THE 650,000-square-mi (1,600,000-square-km) Gobi is the largest desert in CHINA and MONGOLIA; both the Taklamakan Desert (in XINJIANG) and the Changtang Desert (in TIBET and Qinghai) are only half the size. Only the SAHARA is bigger than the Gobi among the world’s deserts. The Gobi separates the Republic of Mongolia from the province of Inner Mongolia in the People’s Republic of China (PRC). In Mongolia, the Gobi occupies all the southern districts (aimak) of the country: eastern Gobi, central Gobi, southern Gobi, Baian Khongor, and Gobi Altai. In China, the Gobi Desert extends from Manchuria to Gansu and Xinjiang.
It consists of several plateaus: Hulun Buir, Xilin Gol, and Ulanqab in the east and the Alashan plateau in the west of Inner Mongolia. The Yinshan Mountains and the Hexi corridor form the southern edge of the Gobi Desert.
Athough vast, the Gobi peneplain is neither the driest nor the warmest desert in western China. The Siberian high-pressure system keeps the Gobi dry and very cold in winter; in summer, the monsoon winds bring a few inches of precipitation to the region. The meager vegetation and the brief growing season account for the barren appearance of the Gobi. Topographical profiles of Inner Mongolia display a succession of denuded hills covered with gobi pebbles and basins covered with sandy gobi gravel. Gobi or govi usually means “desert” in Mongol, although an absolute desert would be called tjall or “waste.” Gobi designates also the winderoded small basins that are scattered in the desert. Chinese geographers establish a difference between sandy desert (shamo) and gravel desert (gobi). They call gobi the gray surface of hard pebbles that covers dilluvial plains. Sand dunes are indeed rare in the Gobi Desert.
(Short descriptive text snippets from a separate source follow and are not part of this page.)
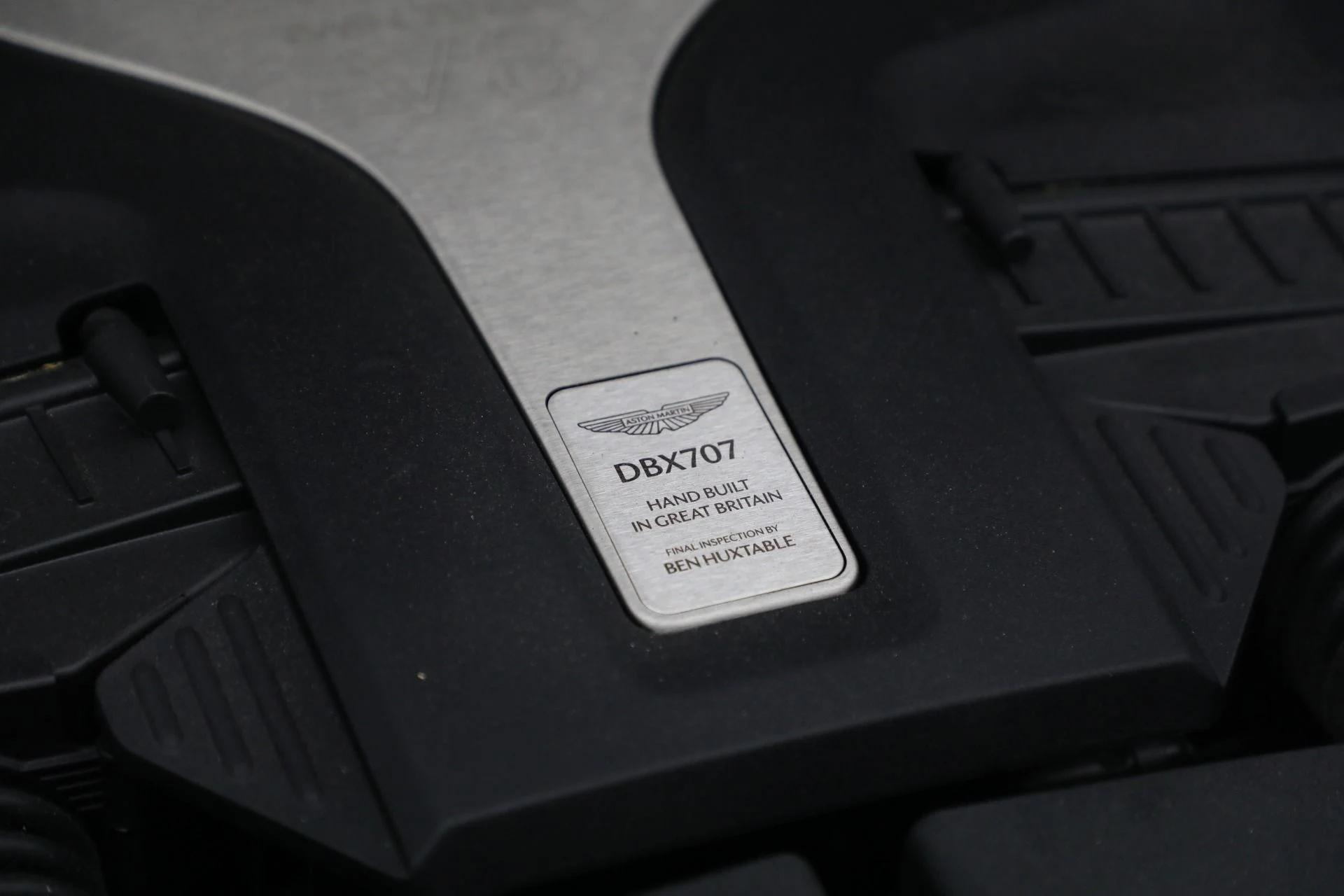 mph040_1980627504_New_2026_Aston_Martin_DBX_707_1766528371_6d3fa16327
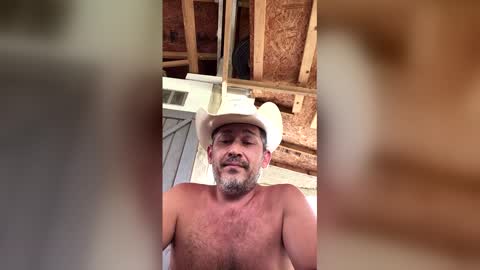 Snapshot of countryjoe2002 chatting on 05/23/26, 10:36 countryjoe2002 online show from 05/23/26, 10:36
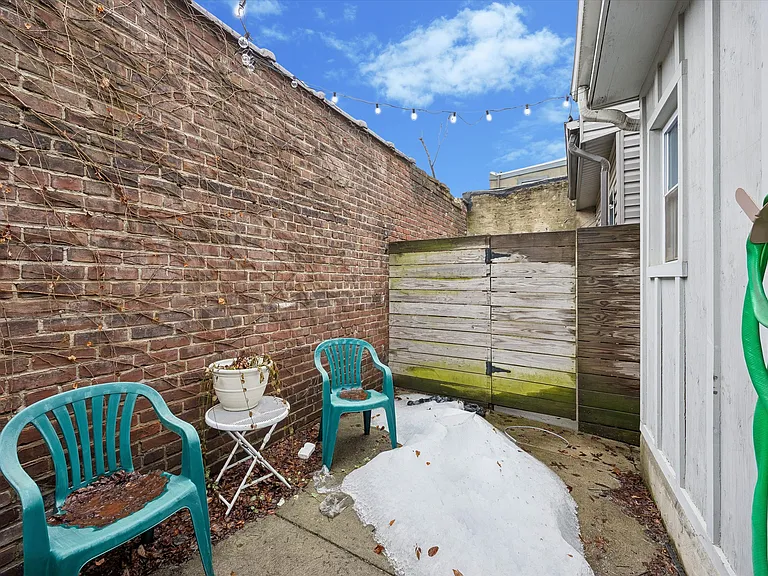 2663 Martha St — Photo 15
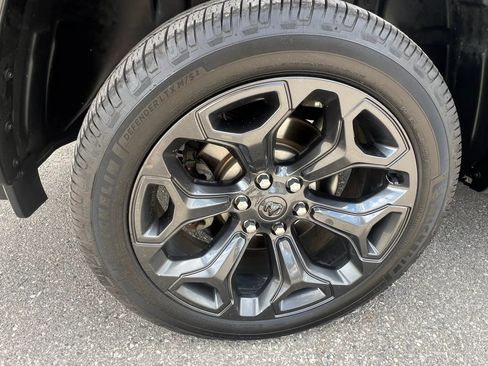 Used 2020 RAM 1500 Limited w/ Black Appearance Package AWD/4WD image 9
The Gobi enjoyed a semitropical climate during the Cretaceous period (145 to 160 million years ago). The paleontologist Roy Chapman Andrews organized, in the 1920s, the Central Asiatic expeditions of the American Museum of Natural History. He discovered rich repositories of dinosaur fossils in what is now a forbidding desert, with badlands and salt flats. The two characters in Chinese to transcribe Gobi are ge, “halberd,” and bi, “wall.” Combined, they suggest that this type of desert constitutes either a dangerous obstacle or a formidable protection. No major road crosses the Gobi
Desert except for the imperial highway from Kalgan (Zhangjiakou) to Ulaanbator and the much more recent Transmongolian railway that links Beijing and Ulaanbator via Baotou. The Gobi plays today an unexpected role in space-based international communications as the launch site for Chinese Long March rockets; the Jiuquan launch site lies in the western Gobi Desert (Gansu province).